XuandongZhao / WatermarkAttacker

[NeurIPS 2024] Invisible Image Watermarks Are Provably Removable Using Generative AI
https://arxiv.org/abs/2306.01953
MIT License
157 stars 26 forks source link

WatermarkAttacker

[Update] The paper is accepted by NeurIPS 2024!

Welcome to contribute to this project!

This repository contains the code for the paper Invisible Image Watermarks Are Provably Removable Using Generative AI.

If you find this repository useful, please cite our paper:

@article{zhao2023invisible,
  title={Invisible Image Watermarks Are Provably Removable Using Generative AI},
  author={Zhao, Xuandong and Zhang, Kexun and Su, Zihao and Vasan, Saastha and Grishchenko, Ilya and Kruegel, Christopher and Vigna, Giovanni and Wang, Yu-Xiang and Li, Lei},
  journal={arXiv preprint arXiv:2306.01953},
  year={2023}
}

We propose a family of regeneration attacks to remove invisible image watermarks. The attack method effectively removes invisible watermarks.

Our attack first maps the watermarked image to its embedding, which is another representation of the image. Then the embedding is noised to destruct the watermark. After that, a regeneration algorithm reconstructs the image from the noisy embedding. As shown in the figure below:

demo

Example

First, install the dependencies:

pip install -r requirements.txt

Then you can try the demo in demo.ipynb.

For Regen-Diffusion, you can set the DiffWMAttacker noise_step=30/60/100... to control the noise level. The larger the noise_step, the more noise is added to the image, and the watermark is more likely to be removed.

For Regen-VAE, you can set the VAEWMAttacker quality=6/5/4/3/2/1 to control the noise level. The smaller the quality, the more noise is added to the image, and the watermark is more likely to be removed.

This demo attacks invisible-watermark which is used in stable diffusion.

How it works?

In short, our method can be described using the following equation (1)

$$ \begin{equation} \hat{x} = \underbrace{\mathcal{A}\Big( \overbrace{\phi(x_w) + \mathcal{N}(0,\sigma^2 Id)}^{\text{destructive}}\Big)}{\text{constructive}}, \end{equation} $$

where $x_w$ is the watermarked image, $\phi$ is an embedding function, $\mathcal{N}$ is a Gaussian distribution that adds noise to the embedding, and $\mathcal{A}$ is a reconstruction algorithm that takes the noisy embedding of the image and tries to construct the original image.

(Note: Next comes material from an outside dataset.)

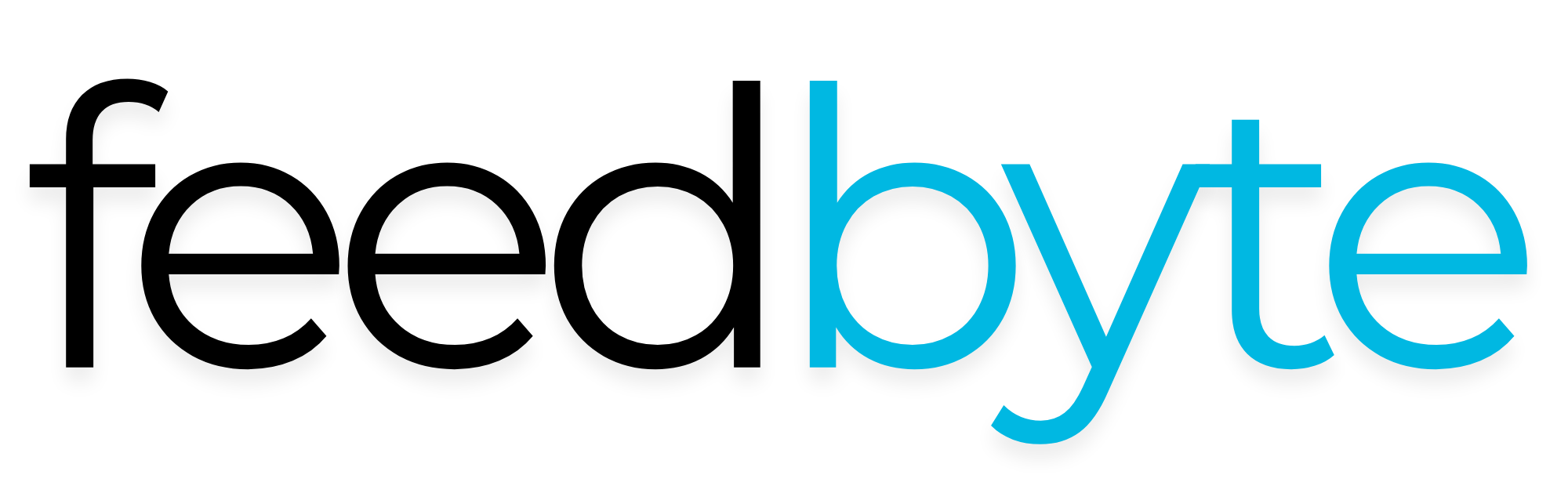 Feedbyte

The embedding function $\phi$ and the reconstruction algorithm $\mathcal{A}$ can be instantiated with many algorithms.

Here let's look at how Stable Diffusion can instantiate our algorithm (see this blog for more information on Stable Diffusion).

img

The above figure shows the architecture of Stable Diffusion.

The destructive process in our algorithm corresponds to adding noise to the image until a certain time step $t$. To do this, Stable Diffusion first maps the image from the pixel space to a latent space using its VAE encoder $\mathcal{E}$, and then adds noise to the latent space using a diffusion process, which is defined in the following equation (2)

$$ \begin{equation} z_t=\overbrace{\sqrt{\alpha(t)}\mathcal{E}(x_w)}^{\phi(x_w)}+\mathcal{N}(0,\overbrace{(1-\alpha(t))}^{\sigma^2}I_d), \end{equation} $$

where $\alpha(t)$ is a function that controls the amount of noise added at time step $t$. By comparing equations (1) and (2), we can see that the embedding function $\phi$ is the scaled VAE encoder $\sqrt{\alpha(t)}\mathcal{E}$.

After obtaining the noised representation $z_t$, we denoise it using Stable Diffusion to reconstruct the image, which corresponds to $\mathcal{A}$ in equation (1).